GEOINT provides the spatial foundation essential for the analysis of information from all sources, providing the baseline starting point for all geographically referenced analytic efforts. It brings together cartography, imagery analysis, geospatial analysis, geodesy, aeronautical analysis, maritime analysis and regional analysis thus providing unique intelligence capability.

It unites the complementary fields of imagery intelligence (IMINT) and mapping, charting, and geodesy (MC&G) into a single, integrated intelligence discipline. It combines their strengths, incorporating the dynamic, detailed content of IMINT with the precise methods. Figure bellow illustrates the natural convergence of IMINT and MC&G.

GEOINT and its application of the field of remote sensing.

The term GEOINT is used in two ways. First, GEOINT is a discipline, a specialized field of practice within the broader profession of intelligence. It is the use of remote sensing, spatial data, and analytical methods to understand the global security situation. Second, GEOINT is a type of intelligence product, the information and knowledge that is produced as a result of the discipline’s activities. GEOINT is the basis from which all intelligence analysis is derived.

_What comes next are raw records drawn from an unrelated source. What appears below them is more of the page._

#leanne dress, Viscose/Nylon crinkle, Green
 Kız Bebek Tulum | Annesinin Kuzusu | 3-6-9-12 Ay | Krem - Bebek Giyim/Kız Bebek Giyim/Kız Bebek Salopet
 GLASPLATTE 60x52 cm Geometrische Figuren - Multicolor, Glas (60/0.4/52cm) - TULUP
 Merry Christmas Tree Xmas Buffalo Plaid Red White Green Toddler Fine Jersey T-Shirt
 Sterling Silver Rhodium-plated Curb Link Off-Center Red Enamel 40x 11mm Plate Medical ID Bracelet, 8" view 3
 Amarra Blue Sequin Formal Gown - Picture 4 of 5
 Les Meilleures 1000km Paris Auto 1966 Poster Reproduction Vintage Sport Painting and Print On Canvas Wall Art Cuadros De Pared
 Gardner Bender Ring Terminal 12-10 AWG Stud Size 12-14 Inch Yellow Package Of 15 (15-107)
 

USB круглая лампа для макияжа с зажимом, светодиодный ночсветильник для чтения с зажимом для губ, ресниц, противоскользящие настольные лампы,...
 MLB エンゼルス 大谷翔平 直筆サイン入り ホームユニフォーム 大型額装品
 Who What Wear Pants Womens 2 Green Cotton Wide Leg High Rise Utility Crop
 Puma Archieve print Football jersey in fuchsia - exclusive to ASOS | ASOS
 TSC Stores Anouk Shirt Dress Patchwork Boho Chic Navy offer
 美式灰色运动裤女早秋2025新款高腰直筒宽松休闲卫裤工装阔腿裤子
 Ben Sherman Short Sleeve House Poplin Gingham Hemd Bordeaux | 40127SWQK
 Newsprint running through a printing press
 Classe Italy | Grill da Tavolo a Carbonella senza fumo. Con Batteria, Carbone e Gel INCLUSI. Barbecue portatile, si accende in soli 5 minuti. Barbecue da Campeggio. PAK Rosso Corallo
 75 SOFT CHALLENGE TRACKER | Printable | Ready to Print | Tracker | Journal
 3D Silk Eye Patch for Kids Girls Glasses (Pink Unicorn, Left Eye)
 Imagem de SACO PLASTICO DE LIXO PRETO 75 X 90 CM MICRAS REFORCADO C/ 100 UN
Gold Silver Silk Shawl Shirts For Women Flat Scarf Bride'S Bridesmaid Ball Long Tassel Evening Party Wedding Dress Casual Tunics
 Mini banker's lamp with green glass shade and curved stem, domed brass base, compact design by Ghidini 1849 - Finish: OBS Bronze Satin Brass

Regardless of the intelligence challenge, all analysis is geospatially and temporally referenced in some fashion, and GEOINT is uniquely capable of providing that reference. As former NGA Director Lt. Gen. James R. Clapper, U.S. Air Force (ret.), actually the Director of National Intelligence (DNI), has stated, "everyone and everything has to be somewhere," and GEOINT provides the information to identify the "where and when."
The etymology of the word “geospatial” connotes the focus of GEOINT on representing natural features and human activities in their place on the planet. “Geo” comes from the Greek for Earth. “Spatial” refers to location.
Accordingly, a simple way to describe GEOINT might be to say it shows what is where on the Earth. As a discipline, however, and as a distinct category of intelligence products, GEOINT goes far beyond answering the question, “Where?”